Buscan convertir terrenos ociosos al costado de las rutas en una nueva fuente de ingresos para las localidades
¿Sabías que hay terrenos al costado de las rutas pampeanas que podrían generar recursos para los pueblos? Un proyecto de ley busca explotarlos agrícolamente y destinar los fondos a escuelas, bomberos y caminos. Enterate cómo funcionaría.
La UCR pampeana impulsa un proyecto de ley para que las franjas de tierra que hoy están sin uso junto a las rutas provinciales puedan ser explotadas agrícolamente. La iniciativa de los diputados Sergio Pregno, Hipólito “Poli” Altolaguirre y Gisela Cuadrado busca que esos terrenos generen producción y, al mismo tiempo, fondos para los pueblos.
La propuesta apunta a que la Dirección Provincial de Vialidad identifique qué sectores son aptos para sembrar, excluyendo siempre las banquinas y las zonas que afecten la seguridad vial. Así, los municipios y comisiones de fomento que adhieran podrán otorgar permisos por concurso o licitación.
¿Cómo funcionará el régimen?
Según el texto presentado, los permisos serán precarios, onerosos y por un plazo máximo de un año, renovables. No otorgarán derechos de propiedad ni expectativas de permanencia, ya que el Estado provincial conservará el control de esas superficies.
En esos terrenos se podrán sembrar y cosechar cereales, oleaginosas, forrajes y otros cultivos compatibles con las características de cada lugar. La prioridad para acceder a los permisos la tendrán los propietarios o arrendatarios de los inmuebles frentistas y, luego, las entidades de bien público de la zona.
¿A dónde irá el dinero recaudado?
El proyecto establece que el 40% de lo recaudado se destinará al mantenimiento de la Red Vial Terciaria, otro 40% a las cooperadoras escolares y el 20% restante a los bomberos voluntarios de la jurisdicción correspondiente. Si alguna de esas instituciones no existe en el lugar, los fondos se derivarán a otras entidades de bien público de la comunidad.

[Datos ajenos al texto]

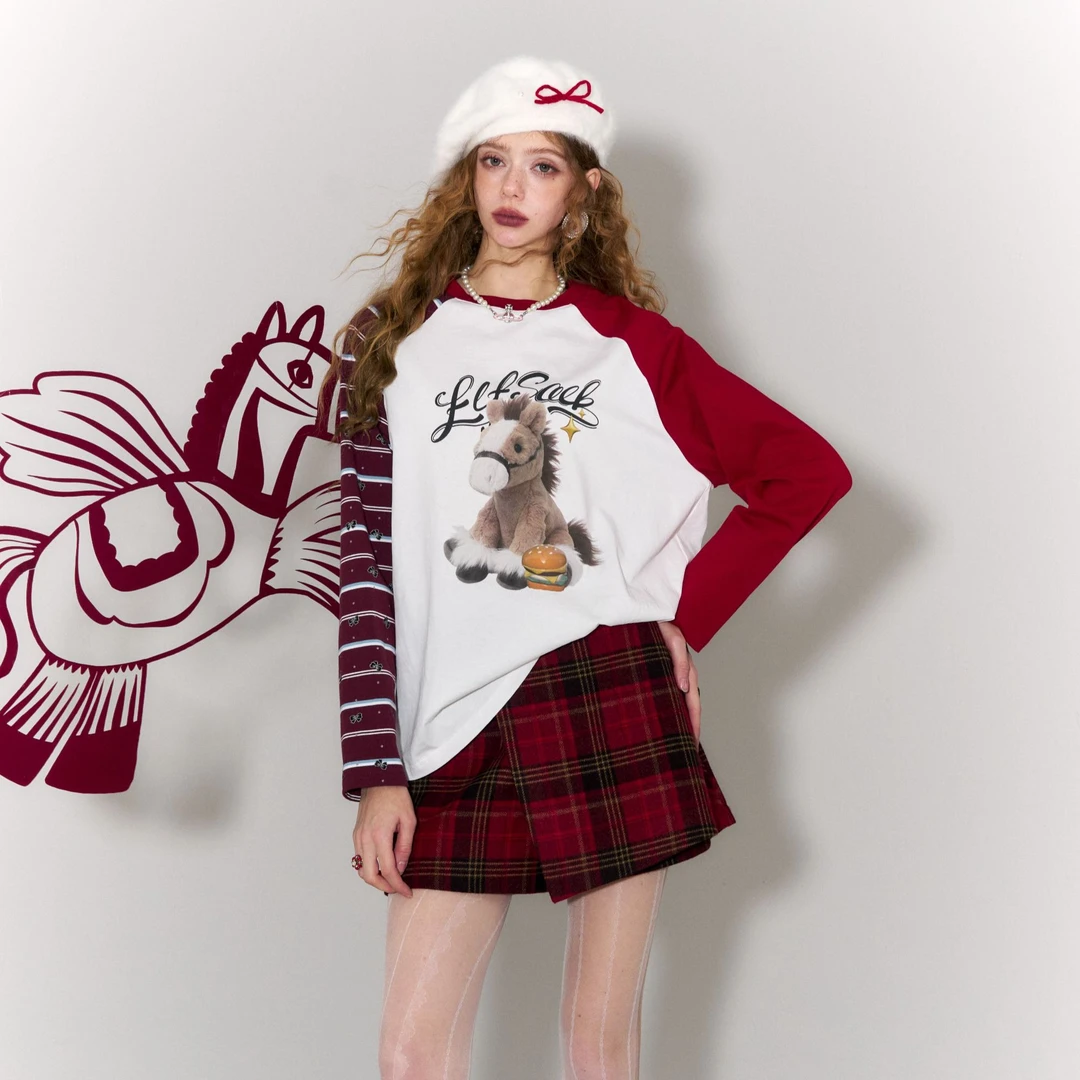 妖精的口袋卡通小马印花插肩长袖t恤女2025秋新款设计感薄款上衣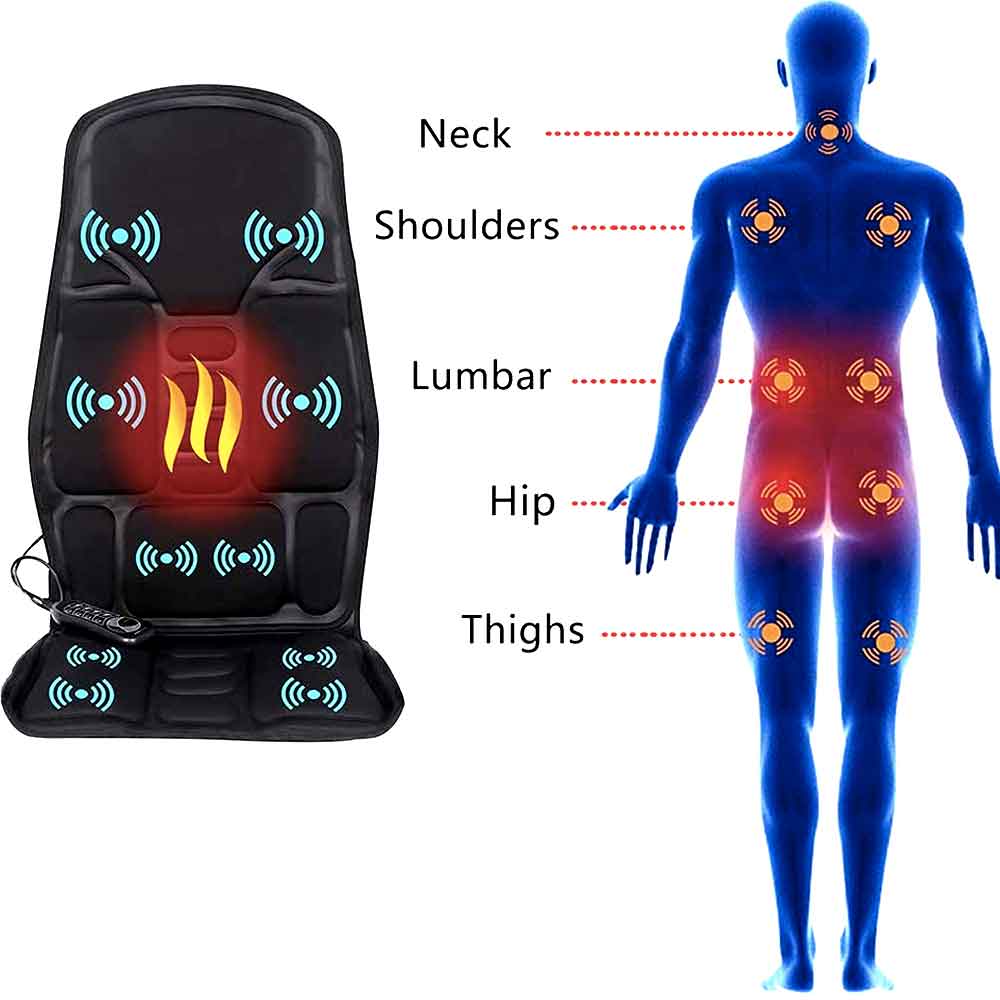 Massage Chair Pad with 8 Modes and Heating for Home and Car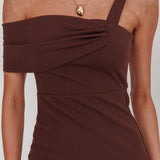 Saffra Asymmetric Shoulder Maxi Dress Chocolate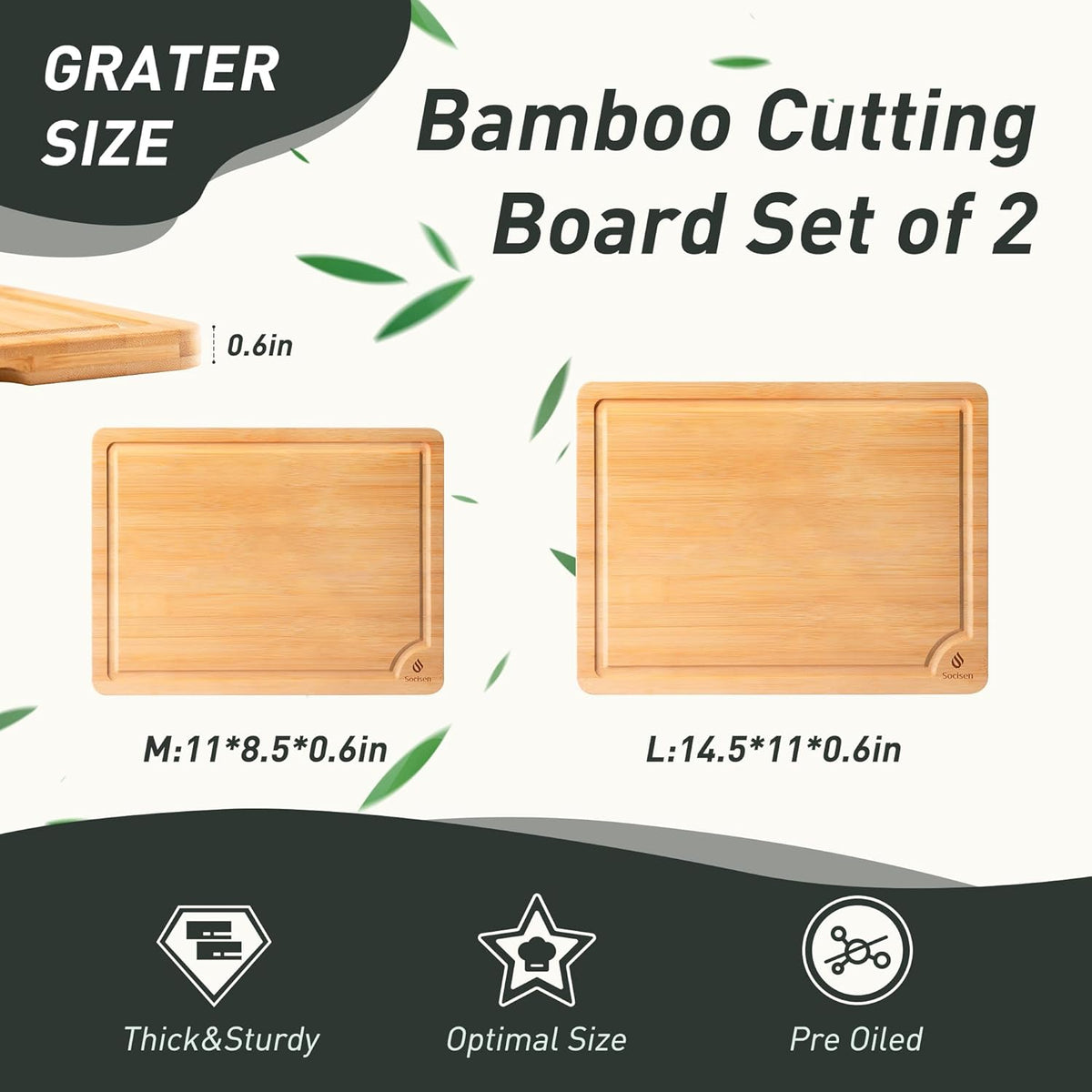 Bamboo Cutting Board Set Non Slip Feet Over Sink Chopping Board Christmas Xmas Birthday Day Gifts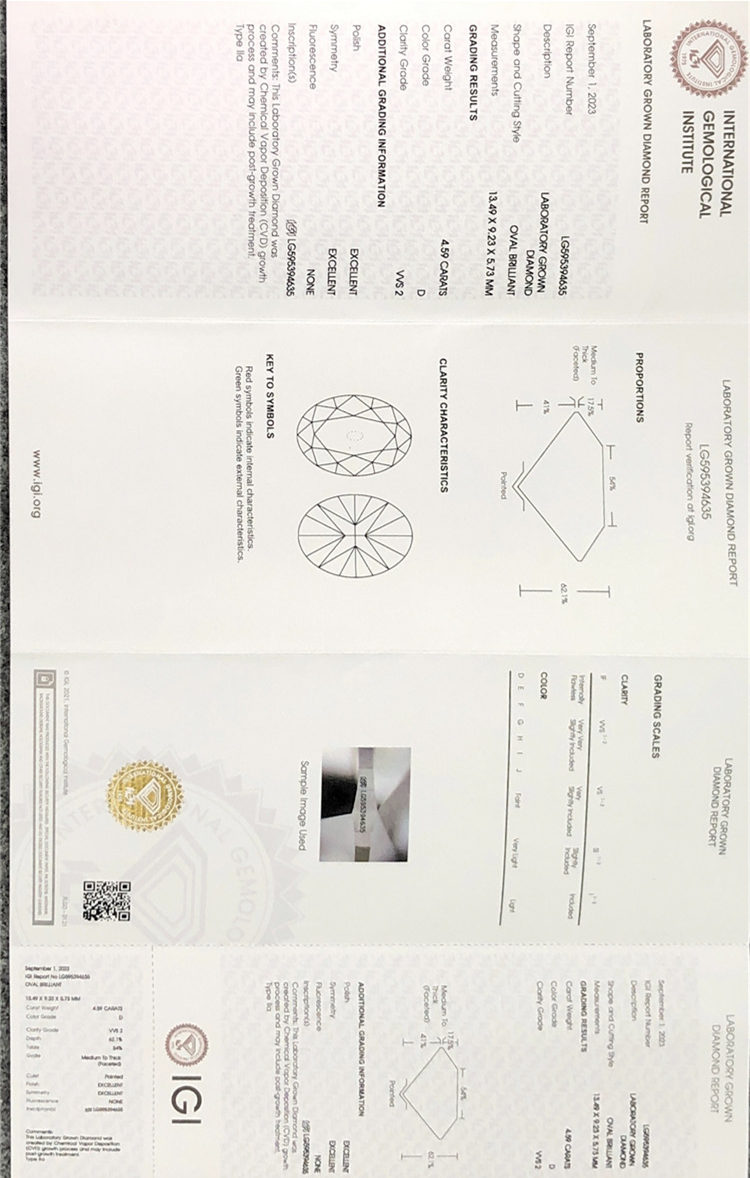 Certificado de diamante cvd de 4,5 quilates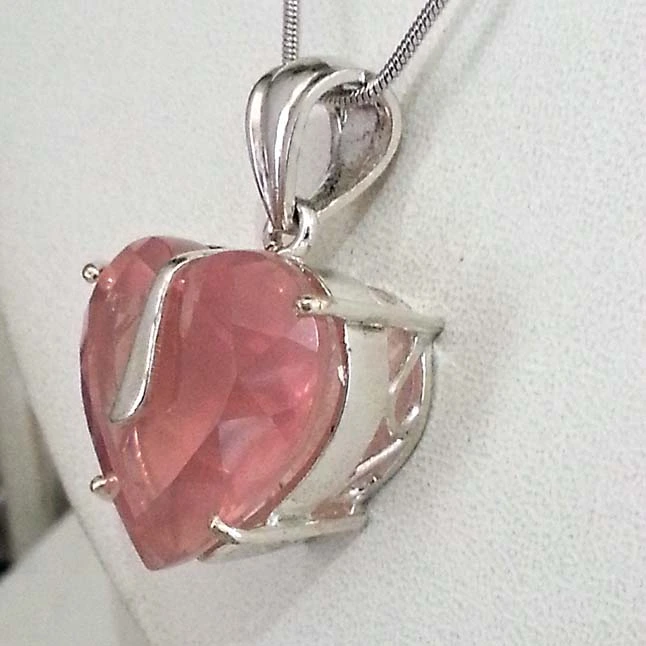 39.76cts Faceted Heart Shaped Rose Quartz & Sterling Silver Pendant (39.76ct Rose Qtz)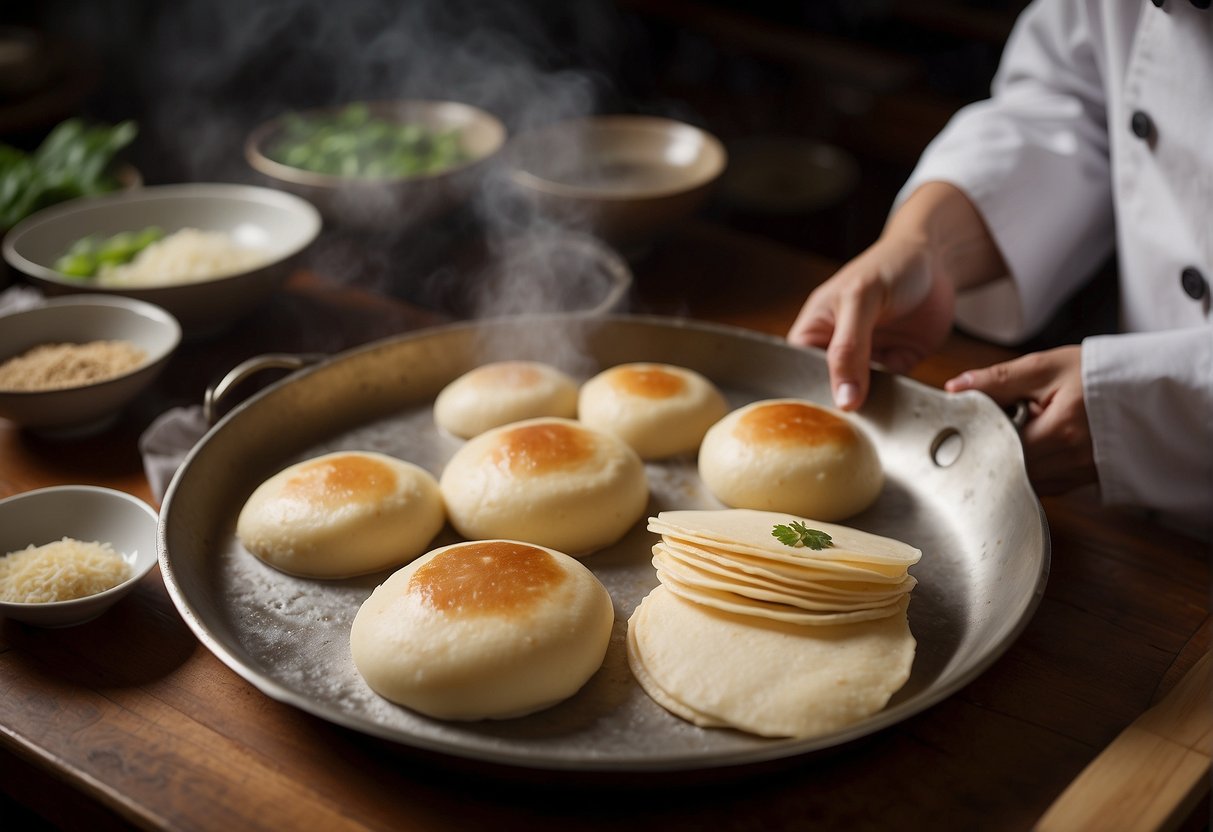 A chef prepares Chinese pancakes for Peking duck, ingredients laid out on a wooden table, with a rolling pin and skillet nearby
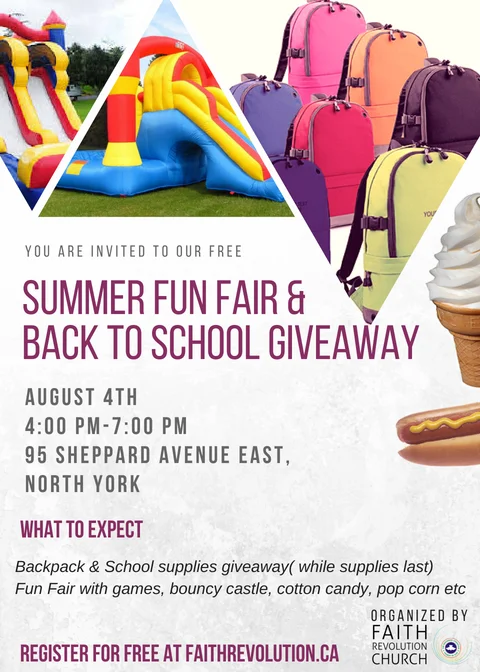 AUG 4 SUMMER FUN FAIR & BACK TO SCHOOL GIVEAWAY
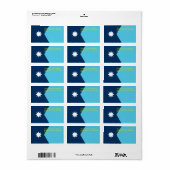 Custom Label with Flag of Minnesota, USA (Full Sheet)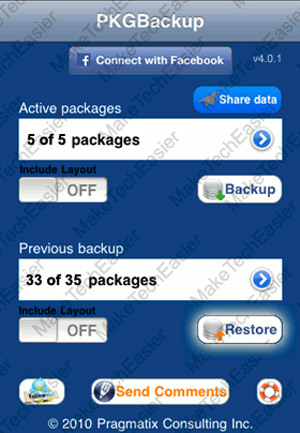 Instructions for backing up Cydia iPhone application with PkgBackup Picture 17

De esta manera, la iniciativa pretende que el aprovechamiento de tierras ociosas no solo genere producción, sino que los beneficios económicos regresen directamente a las localidades, fortaleciendo servicios e instituciones con fuerte presencia comunitaria.
Además, el texto incluye obligaciones para preservar el suelo, controlar malezas, prevenir incendios, mantener obras hidráulicas e instalaciones públicas y respetar los accesos a los establecimientos rurales. También se prohíbe el pastoreo de animales, la colocación de alambrados, la electrificación y las construcciones permanentes.
La Dirección Provincial de Vialidad, junto con los municipios y comisiones de fomento, tendrá facultades de inspección y control. El régimen contempla la posibilidad de revocar los permisos y aplicar sanciones ante incumplimientos.
Para los legisladores radicales, la iniciativa busca compatibilizar tres objetivos: aprovechar de manera responsable los bienes públicos subutilizados, impulsar la actividad productiva y generar nuevos recursos para las comunidades pampeanas, con la seguridad vial como condición prioritaria.